Il faudrait être aveugle, d’un optimiste béat ou d’une mauvaise foi crasse, pour nier que les nuages noirs s’accumulent. Sommes-nous donc aujourd’hui dans l’un de ces moments dont l’Histoire nous apprend à présent qu’ils étaient précurseurs de la tragédie des années 1930 ?
Nous avons posé la question à l’historien américain Robert Paxton ; aujourd’hui âgé de 86 ans, il connaît bien le fascisme, pour y avoir consacré une bonne partie de ses travaux, et continue d’observer de près l’évolution des démocraties américaine et européennes. « C’est en étudiant le fascisme que l’on voit le plus clairement à quel point le XXe siècle contraste avec le XIXe, et ce que le XXIe doit éviter », écrivait-il dans Le Fascisme en action(Seuil, « Points », 2004). Pour Paxton, le fascisme est « l’innovation politique la plus importante du XXe siècle : un mouvement populaire s’élevant à la fois contre la gauche et contre l’individualisme libéral ».
L’historien décèle « des ressemblances frappantes » avec les années 1930 : « Une forte réaction populiste contre la démocratie et les droits de l’homme, à l’échelle mondiale, avec une résonance particulière en Europe et à proximité, avec Erdogan et Poutine ; la plus grave crise économique depuis la seconde guerre mondiale en 2008, dont certains effets se font encore sentir ; les défis posés à l’ordre de l’après-guerre par des dirigeants parfois agressifs ; la montée de l’isolationnisme aux Etats-Unis qui, dans le cas américain, consiste à agir seul plutôt que pas du tout. »

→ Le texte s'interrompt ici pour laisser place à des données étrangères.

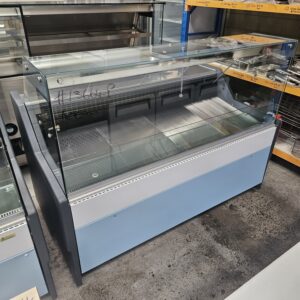 A large, empty refrigerated display case with glass panels on top and sides, situated in a commercial kitchen or warehouse setting with metal shelves and equipment in the background. MRCE
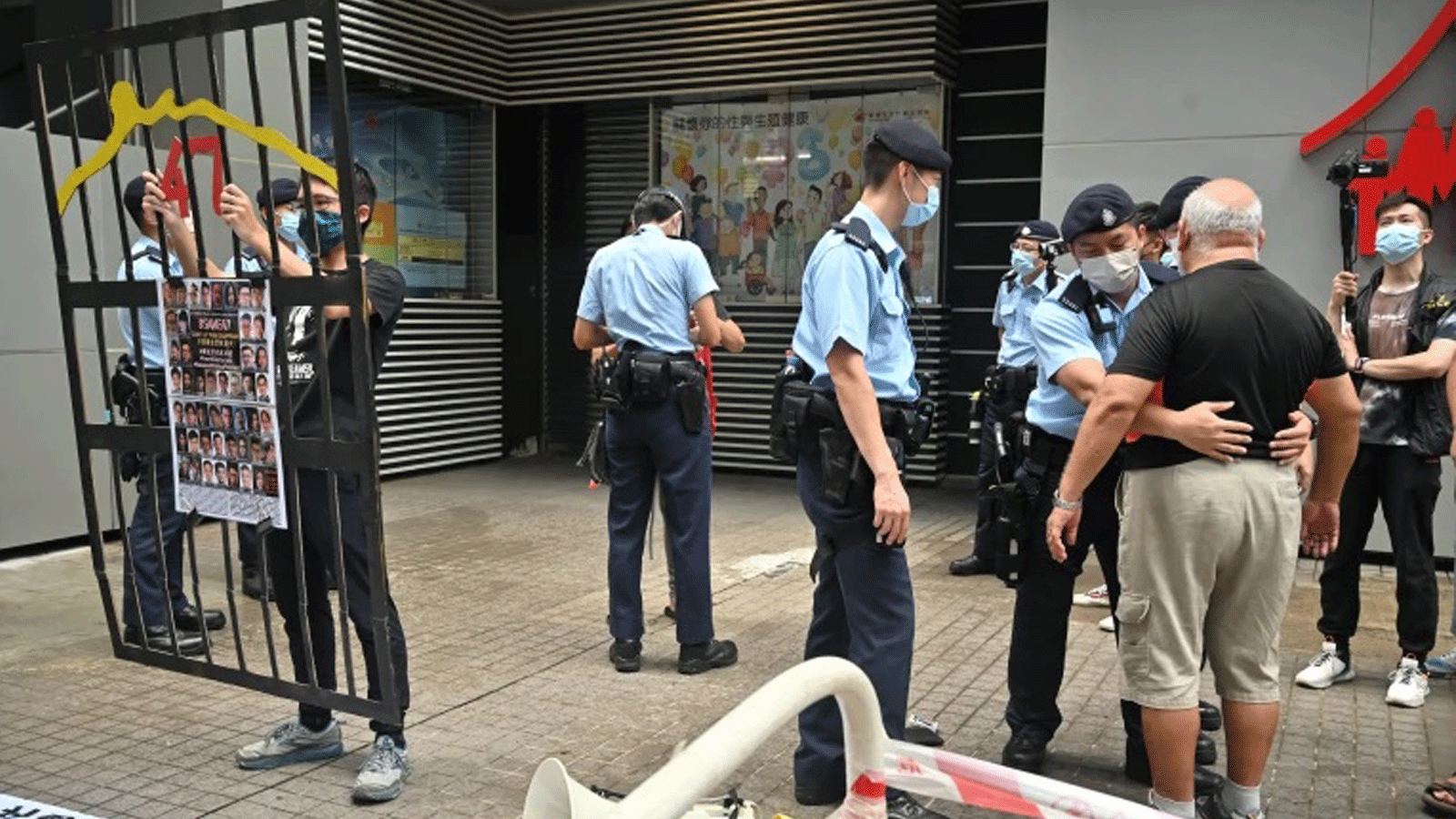 الشرطة تقوم بتفتيش متظاهر بينما بدأت مجموعة صغيرة من سكان هونغ كونغ في اختيار لجنة الانتخابات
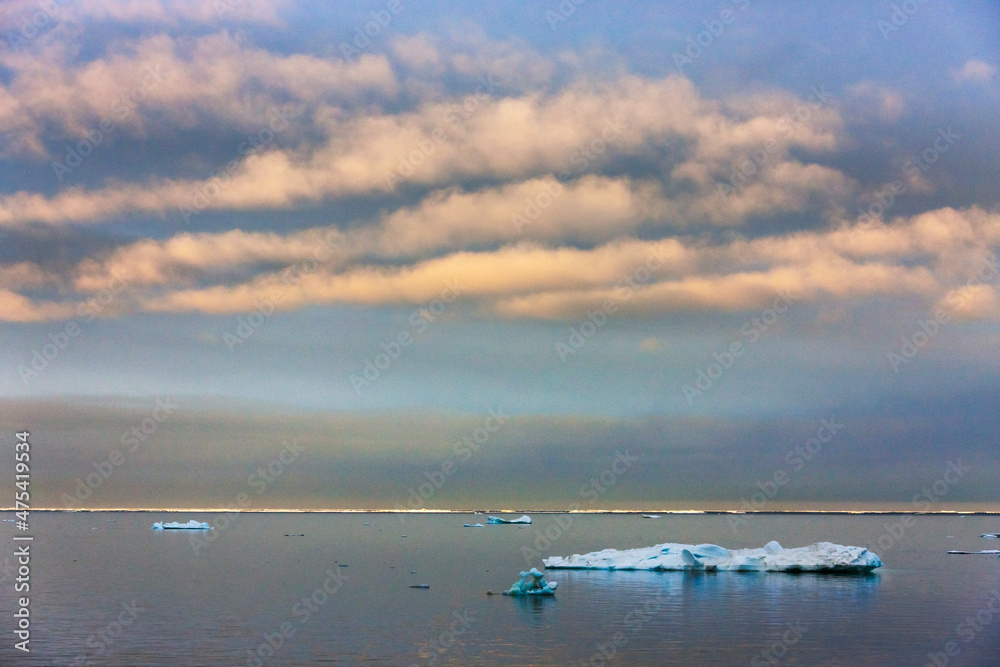 Sunset view of floating ice on Bering Sea, Russia Far East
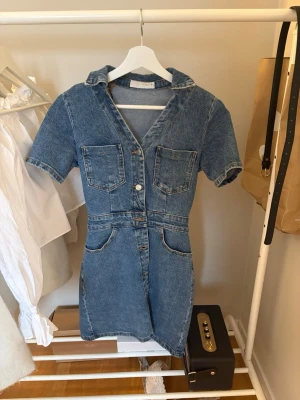 Jeansklänning med kort ärm och knappar - Snygg jeansklänning i blå denim med kort ärm, v-ringning och knappar framtill. Klänningen har två bröstfickor och två fickor vid höfterna, samt markerad midja för en smickrande passform. Perfekt för en trendig och avslappnad look.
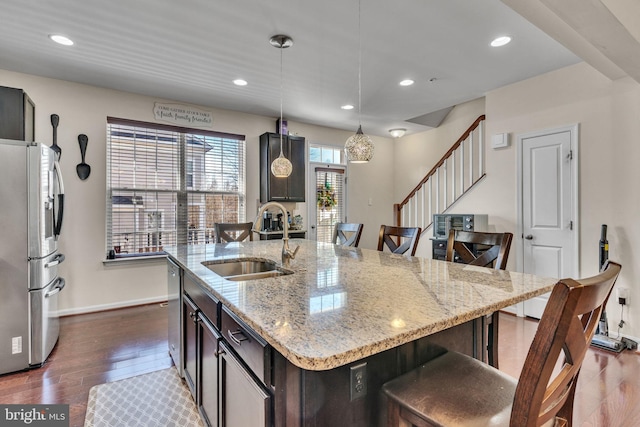 kitchen with dark wood-style floors, stainless steel appliances, a sink, an island with sink, and a kitchen breakfast bar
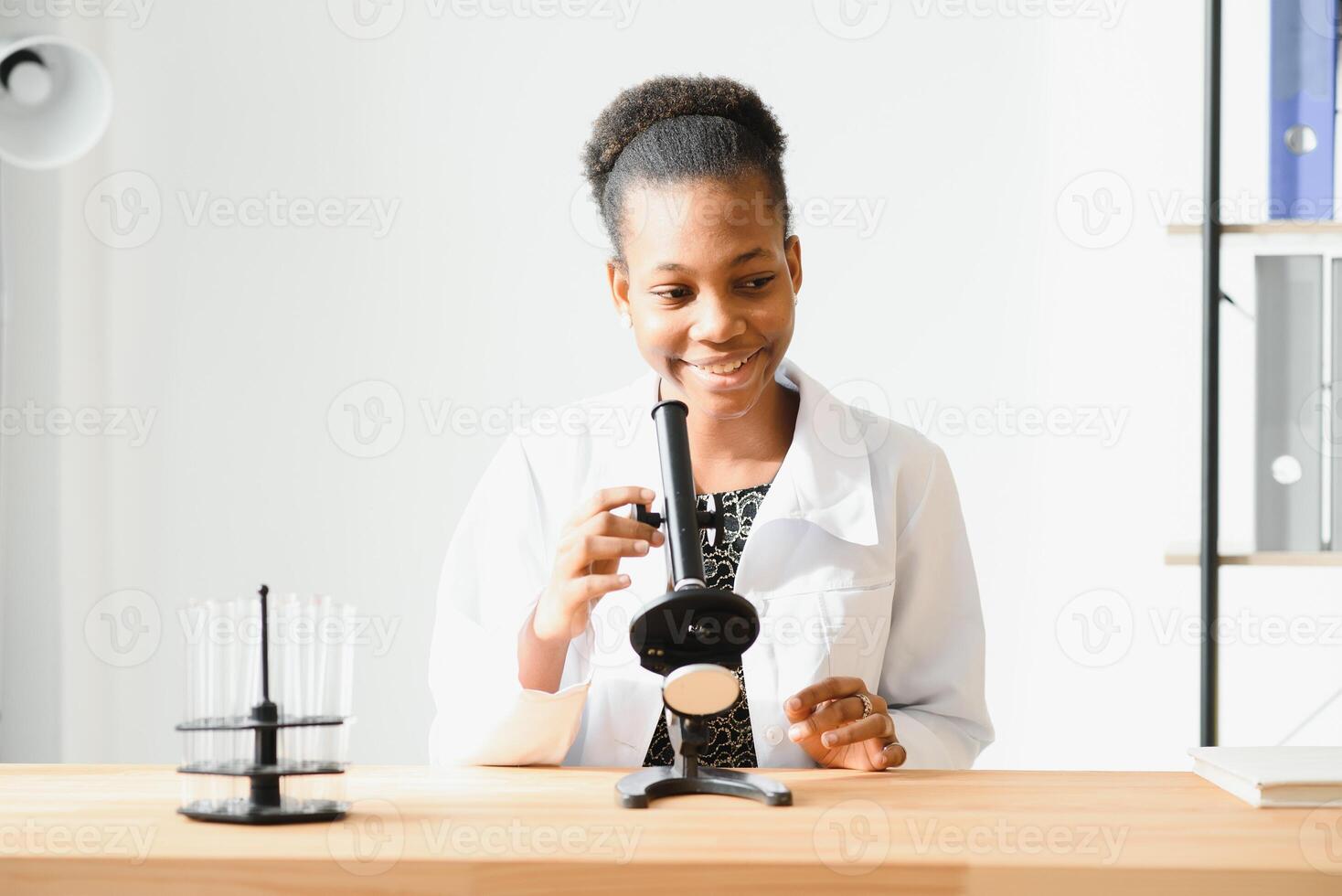 african american female lab technician looking through microscope in lab. photo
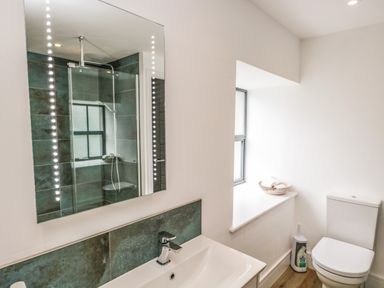A bathroom with a sink and faucet a mirror shower area a toilet and a window with a basket of toilet paper at Bank Hurst Coach House in Ulverston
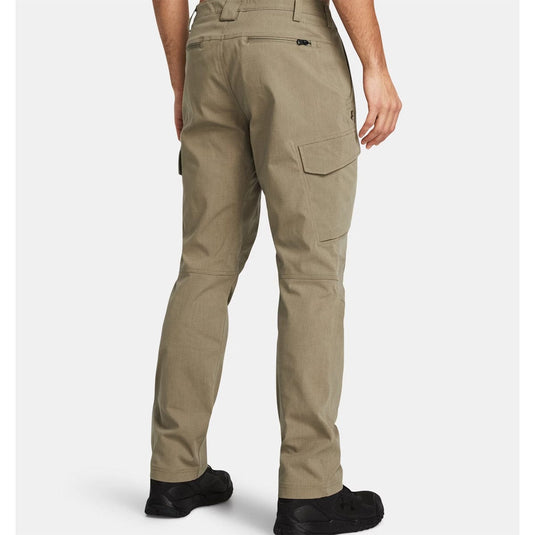 Beige pants worn by a person on a white background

Les différences l’emportent sur les similitudes
Mais Robert Paxton considère que les différences l’emportent sur les similitudes. Il y a les différences d’intensité : « La récession de 2008 était mineure, comparée à la Grande Dépression ; les nationalistes agressifs des temps modernes restent relativement prudents. »
Et puis il y a les différences de nature : on ne trouve parmi les dirigeants nationalistes ni volonté expansionniste ni aspiration à la guerre. L’existence d’armes nucléaires rend l’option de la guerre plus dangereuse. Le mouvement bien plus vaste de réfugiés internationaux a implanté de nouvelles minorités dans de nombreux pays. Les économies sont plus intégrées, leurs mécanismes de crise plus efficaces. Et puis, poursuit M. Paxton, « les acteurs ne sont plus les mêmes » : l’islam politique est un nouveau facteur, la Russie est moins influente que l’URSS, les Etats européens sont regroupés dans l’UE. Bref, « il n’y a pas aujourd’hui d’acteur international comparable à Hitler ».
Et Trump ? Sa décision de séparer les familles de migrants a aussitôt rappelé à l’historien, spécialiste de Vichy, « Laval et les enfants des déportés du Vél’ d’Hiv ». Robert Paxton craint que Donald Trump ne cause au système politique américain « des dégâts permanents ». Il l’a longtemps soupçonné de vouloir mener une attaque militaire préemptive contre l’Iran ou la Corée du Nord et a été « stupéfait » de le voir se mettre d’accord avec Kim Jong-un sans garanties significatives. Finalement, conclut Paxton, « Trump semble n’avoir d’autres priorités que de baigner dans sa propre gloire. Peut-être son indolence naturelle sera-t-elle notre salut ».
Ce n’est donc pas les années 1930. Certains avancent une hypothèse guère plus réjouissante : on serait à la veille de 1914, lorsque les puissances marchaient vers la guerre, comme des somnambules. Mais ça, c’est une autre Histoire.